§ Required work:
When you reach the line containing "부산 강아지 24시 애견미용호텔유치원 도그드림(서면점) 이미지" in the data below, begin returning lines exactly as written, and stop once the line containing "A mountain lion" has been returned.

§ Exercise inputs:
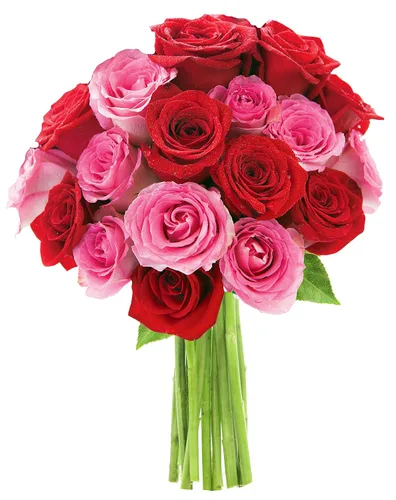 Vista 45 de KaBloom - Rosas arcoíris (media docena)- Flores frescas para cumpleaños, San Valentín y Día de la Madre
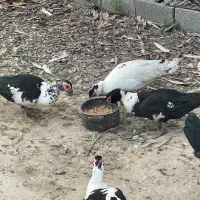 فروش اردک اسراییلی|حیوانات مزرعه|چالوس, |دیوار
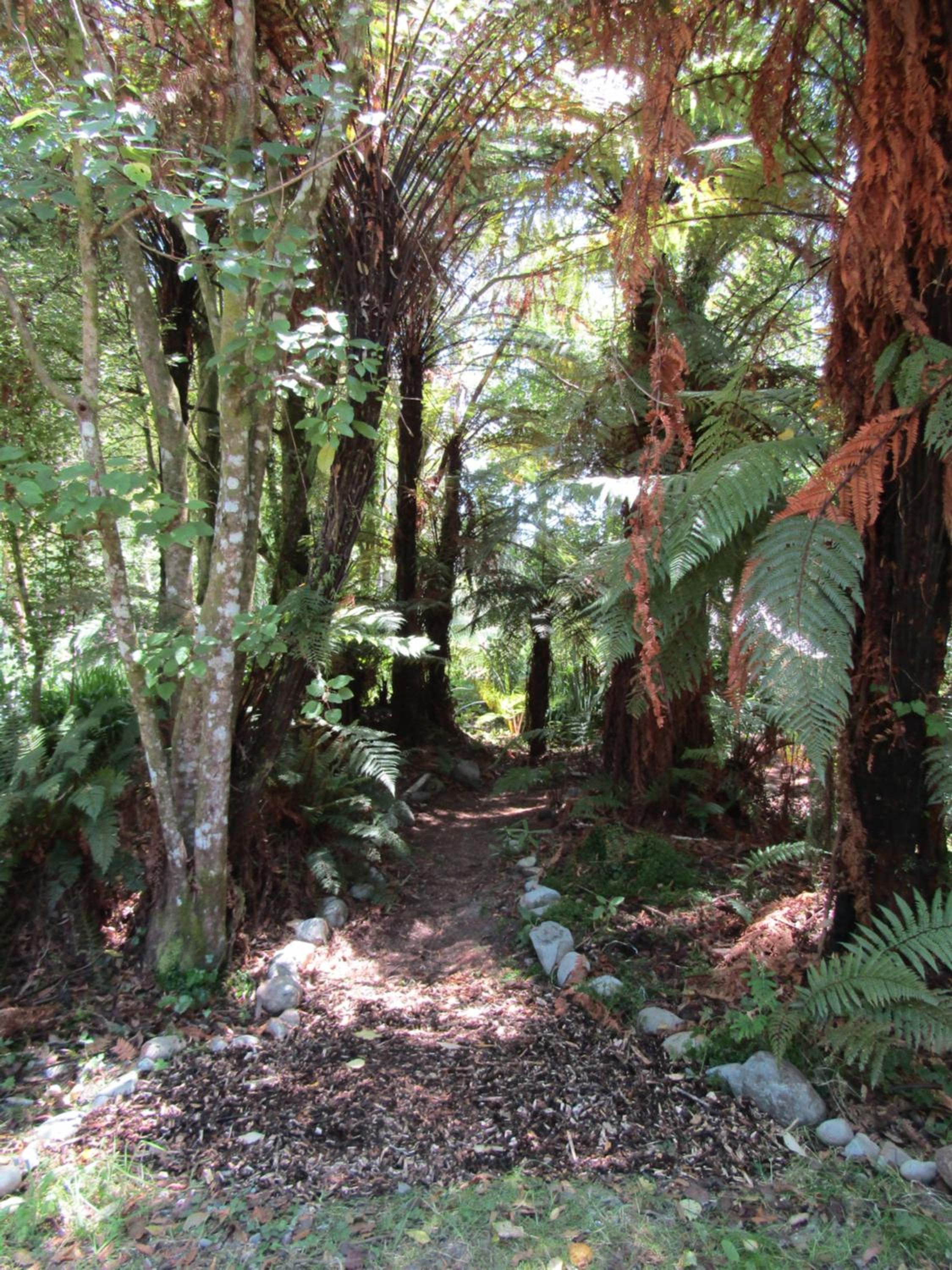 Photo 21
...
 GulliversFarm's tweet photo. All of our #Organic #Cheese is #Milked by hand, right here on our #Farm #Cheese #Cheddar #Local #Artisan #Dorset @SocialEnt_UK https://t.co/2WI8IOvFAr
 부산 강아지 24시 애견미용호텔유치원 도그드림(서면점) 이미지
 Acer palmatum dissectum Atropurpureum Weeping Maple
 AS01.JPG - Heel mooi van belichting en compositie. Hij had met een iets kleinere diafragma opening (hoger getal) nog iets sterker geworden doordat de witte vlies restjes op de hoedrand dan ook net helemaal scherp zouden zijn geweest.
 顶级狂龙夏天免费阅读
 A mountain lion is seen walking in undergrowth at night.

§ Task answer:
 부산 강아지 24시 애견미용호텔유치원 도그드림(서면점) 이미지
 Acer palmatum dissectum Atropurpureum Weeping Maple
 AS01.JPG - Heel mooi van belichting en compositie. Hij had met een iets kleinere diafragma opening (hoger getal) nog iets sterker geworden doordat de witte vlies restjes op de hoedrand dan ook net helemaal scherp zouden zijn geweest.
 顶级狂龙夏天免费阅读
 A mountain lion is seen walking in undergrowth at night.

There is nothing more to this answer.